- Predecessor: Bharata
- Successor: Suhotra
- Texts: Mahabharata

Genealogy
- Parents: Bharata (father), Sunanda (mother)
- Spouse: Puṣkariṇī
- Children: Diviratha, Suhotra, Suhotā, Sukavi, Suyaju, and Ṛcīka
- Dynasty: Chandravamsha

= Bhumanyu =

King in Hinduism

Bhumanyu (भूमन्यु) is a king of the Chandravamsha (Lunar) dynasty in Hindu literature.
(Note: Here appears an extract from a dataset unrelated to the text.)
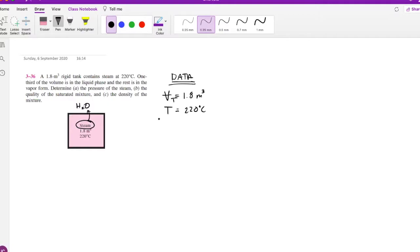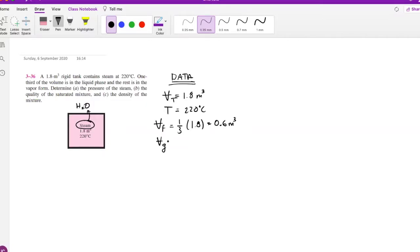The data: the total volume of the rigid tank is 1.8 cubic meters, the temperature is 220°C. The volume of the liquid phase is one third of the total volume, which is 0.6 cubic meters, and the volume of the gas phase is two thirds of the total volume, which is 1.2 cubic meters.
He is the son of Bharata, and the grandson of Dushyanta. Bhumanyu's lineage is featured in the Mahabharata.

== Legend ==

The Mahabharata offers two different origins of Bhumanyu's birth: The first legend says that Bharata married Sunanda, the daughter of Sarvasena, the king of the Kashi kingdom, and received from her a son named Bhumanyu. According to another legend, Bhumanyu was born out of a yajna that Bharata performed under the instructions of the sage Bharadvaja.

In the epic, after Bhumanyu reached the age of maturity, his father Bharata entrusted him with the affairs of his kingdom. Bhumanyu had six sons by his wife Puṣkariṇi; Diviratha, Suhotra, Suhotā, Sukavi, Suyaju, and Ṛcīka. Bhumanyu was succeeded by his son, Suhotra.